I know from my days as a managing editor that writers often perform better when you share positive information with them. If an article was performing well or I enjoyed the direction they took with the assignment, I tried to remember to reach out and let them know. Now, as I switch roles, I understand how vital the positive nudges editors give you can be. Freelance writers are regularly asked for revisions. This doesn’t mean your work is bad. Sometimes, the client needs a point to be a little more vague or specific. Or, the editor forgot to ask you to add an angle. And, while we know this is par for the course, revision requests can often be discouraging, especially when it’s paired with no little (or no) feedback. So, when we get a quick note that our newest article was “super engaging” or “the analytics for the last post are impressive,” we hold on to those nuggets of kindness for dear life.

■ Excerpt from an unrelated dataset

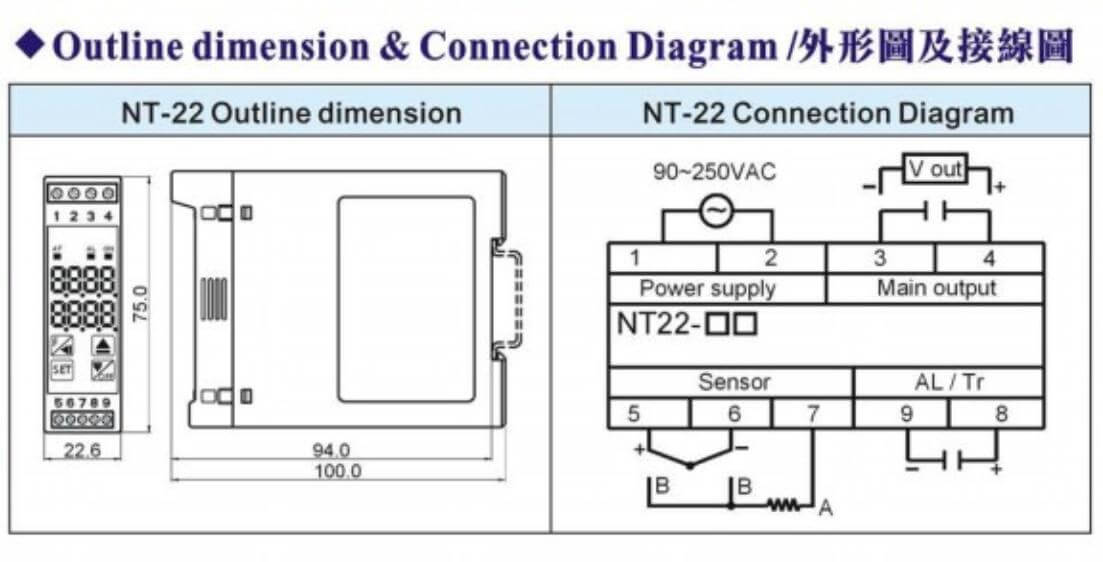Kích thước Bộ điều khiển nhiệt độ Fotek (Temperature controller) thân ngắn NT-48-R/V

Marmanides had this experience: “I worked for a start-up as a freelancer writing articles, reviews, and blog posts. The company was new, about a year in. The best news I got was when the editor contacted me to say that several of my recent articles had the highest click-through and share rates ever on their social media pages. That felt great to know that even though I was not a company employee, I was still part of helping build their brand up and be a small part of their success story.”
This year I made it a goal to collect positive feedback I received from my writing network, and save it for the tough writing days when I felt like I was the worst writer in the world. I call it my “Sunshine File,” and it has completely changed the way I work. When I start to doubt myself, I double-click on that folder and read the kind words my editors and peers share with me. Long gone are the days of wallowing in self pity. Now, I simply scan through my notes and hop right back into whatever article I was working on. So, the next time you find yourself thinking, “This writer is such an easy person to edit. Her content is always so clean,” tell her! It only takes a moment out of your time to send a few sentence email, but it will mean so much to your writers.
Oh, and there’s one more thing we want you to know, editors: Thank you for trusting us to write your content. We’re so grateful for the opportunity to work with you, and we hope for a long, continuous relationship.